- _What you will do_
Only the stretch of the listing below that runs from the line with "BAAROO Toalla de" through the line with "Rejected concept art" is to be printed, exactly and with both ends.

- _Material for this exercise_
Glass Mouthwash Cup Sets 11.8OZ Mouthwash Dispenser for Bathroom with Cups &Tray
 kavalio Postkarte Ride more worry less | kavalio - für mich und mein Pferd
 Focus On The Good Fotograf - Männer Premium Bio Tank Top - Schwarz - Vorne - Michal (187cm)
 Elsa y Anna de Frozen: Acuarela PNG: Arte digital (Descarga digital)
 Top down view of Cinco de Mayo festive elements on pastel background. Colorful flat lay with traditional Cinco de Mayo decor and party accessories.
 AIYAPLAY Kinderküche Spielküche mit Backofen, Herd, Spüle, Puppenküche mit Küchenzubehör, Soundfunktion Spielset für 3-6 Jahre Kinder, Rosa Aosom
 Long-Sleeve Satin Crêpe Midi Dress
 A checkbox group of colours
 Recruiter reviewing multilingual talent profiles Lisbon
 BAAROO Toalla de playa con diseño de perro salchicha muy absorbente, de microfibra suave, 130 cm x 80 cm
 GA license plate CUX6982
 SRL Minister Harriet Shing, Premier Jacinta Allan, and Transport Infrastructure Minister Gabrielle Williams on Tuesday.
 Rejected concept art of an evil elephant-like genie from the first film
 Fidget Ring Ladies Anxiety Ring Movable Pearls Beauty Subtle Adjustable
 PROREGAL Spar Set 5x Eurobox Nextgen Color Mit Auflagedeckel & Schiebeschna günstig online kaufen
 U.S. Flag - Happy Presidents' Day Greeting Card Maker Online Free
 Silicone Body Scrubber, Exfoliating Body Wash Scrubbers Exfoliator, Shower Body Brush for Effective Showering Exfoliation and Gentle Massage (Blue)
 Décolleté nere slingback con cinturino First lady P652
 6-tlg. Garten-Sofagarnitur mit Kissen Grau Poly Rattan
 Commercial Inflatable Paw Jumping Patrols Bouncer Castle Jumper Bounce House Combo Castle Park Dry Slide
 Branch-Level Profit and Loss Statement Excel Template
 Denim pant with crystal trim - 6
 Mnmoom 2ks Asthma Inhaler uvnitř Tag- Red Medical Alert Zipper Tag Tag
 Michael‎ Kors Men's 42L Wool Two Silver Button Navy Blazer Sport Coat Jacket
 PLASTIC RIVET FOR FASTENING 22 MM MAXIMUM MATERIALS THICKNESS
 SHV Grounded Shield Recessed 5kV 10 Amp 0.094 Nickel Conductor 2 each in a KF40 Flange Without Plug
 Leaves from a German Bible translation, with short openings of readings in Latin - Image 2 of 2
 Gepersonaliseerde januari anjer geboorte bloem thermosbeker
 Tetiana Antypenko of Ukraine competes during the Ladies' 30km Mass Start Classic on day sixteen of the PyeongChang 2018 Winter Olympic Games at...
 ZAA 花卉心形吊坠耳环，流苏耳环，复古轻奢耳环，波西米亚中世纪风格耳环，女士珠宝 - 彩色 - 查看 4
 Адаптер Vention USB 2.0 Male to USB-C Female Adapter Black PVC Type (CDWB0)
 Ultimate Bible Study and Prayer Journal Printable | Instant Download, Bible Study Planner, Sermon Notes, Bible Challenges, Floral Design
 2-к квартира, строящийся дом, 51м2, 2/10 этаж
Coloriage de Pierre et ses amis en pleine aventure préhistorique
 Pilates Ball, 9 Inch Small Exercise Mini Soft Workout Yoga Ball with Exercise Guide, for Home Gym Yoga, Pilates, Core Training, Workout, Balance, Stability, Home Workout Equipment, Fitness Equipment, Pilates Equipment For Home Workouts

- _Response box_
 BAAROO Toalla de playa con diseño de perro salchicha muy absorbente, de microfibra suave, 130 cm x 80 cm
 GA license plate CUX6982
 SRL Minister Harriet Shing, Premier Jacinta Allan, and Transport Infrastructure Minister Gabrielle Williams on Tuesday.
 Rejected concept art of an evil elephant-like genie from the first film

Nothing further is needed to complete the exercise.